This is the third of three posts, the first and second are here. If you started reading this blog for the prison theme you may be wondering, what does any of this have to do with Vince going to prison? I don’t know if it does—you tell me.
And so I informed people of my decision, which I had known from the moment I’d found out I was pregnant again: I would give the baby up for adoption.
I told Judy, the Catholic Charities social worker, and her eyes lighted up. “I do have a few reservations,” I told her about what I had learned about adopted people in my Abnormal Psychology class. Judy laughed lightly and handed me a clipboard with forms. While I was signing them she said, “We have to trust that God knows what’s best for us. Even if it’s painful—especially if it’s painful, we just have to put ourselves in God’s loving hands.” I thought this was muddled but made a mental note to try to pray in my spare time.
I told my college advisor. “My due date is right before finals but I promise there won’t be any interruptions in my attendance.” She looked a little stunned and said, “We’ll understand if you need to take some time off.”
“No, no—that won’t be necessary,” I cut her off.

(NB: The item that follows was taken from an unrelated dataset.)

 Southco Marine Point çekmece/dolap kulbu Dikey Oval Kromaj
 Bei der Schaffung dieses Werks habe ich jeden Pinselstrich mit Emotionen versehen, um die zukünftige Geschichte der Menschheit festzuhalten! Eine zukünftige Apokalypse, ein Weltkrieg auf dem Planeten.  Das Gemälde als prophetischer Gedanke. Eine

I didn’t want them to cut me any slack. I would graduate on time. The whole point of this plan was to do what was best for all three of us, so I needed to graduate and get a job.
The other point of the plan was to keep it all hush-hush. I would stay away from the family, my friends, and the whole neighborhood where they all lived. If my grandma called and asked if she could visit me, I would make an excuse to keep her away. It would only be for six months, right? It wasn’t as extreme as the case of Margie, a girl I knew in high school, who went through her whole pregnancy and adoption while living in her family’s house. None of them ever talked about it. Now that was weird.
So there Vince and I sat, alone, on his first birthday. I had called The Creep and invited him but he had “some really important business” to take care of. In other words, a drug deal. I only saw him once again in the ensuing 36 years.
I did what you’re supposed to do for a baby’s first birthday. I made a cake with one candle and let him eat it with his fingers and smear it all over the place. And I cried…and cried.
Then I stiffened myself and plunged my feelings way down into the deep freeze and didn’t feel anything again for a year. That’s the thing about avoiding negative feelings—it makes you unable to experience positive ones, either.
Life went on as before. I trudged through the snow to the daycare, studied furiously, and cleaned the house as though I was in boot camp. As happened during my first pregnancy, perverts tried to pick me up at the bus stop, in stores, in the elevator of my building.
The student who had pressured me to have an abortion was disappointed when I told him I was going the adoption route. “That’s…I’m sorry, but that’s just selfish,” he said. “That poor kid,” he said, staring at my belly.
Sometimes students I didn’t know would try to strike up a conversation.
“When’s your baby due?” they would ask brightly.
“April,” I would respond flatly, giving them fair warning that proceeding with the conversation would be a mistake.
“Do you want a boy or a girl?”
“I don’t really care, since I’m giving it up for adoption.”
This would result in sputtering and something like, “You’re so brave—good luck!” as they backed their way out of the room as fast as possible. I hated that line—“You’re so brave.”
Now that I had set my course I didn’t second guess it, but if you had asked me I might have said I was just being practical.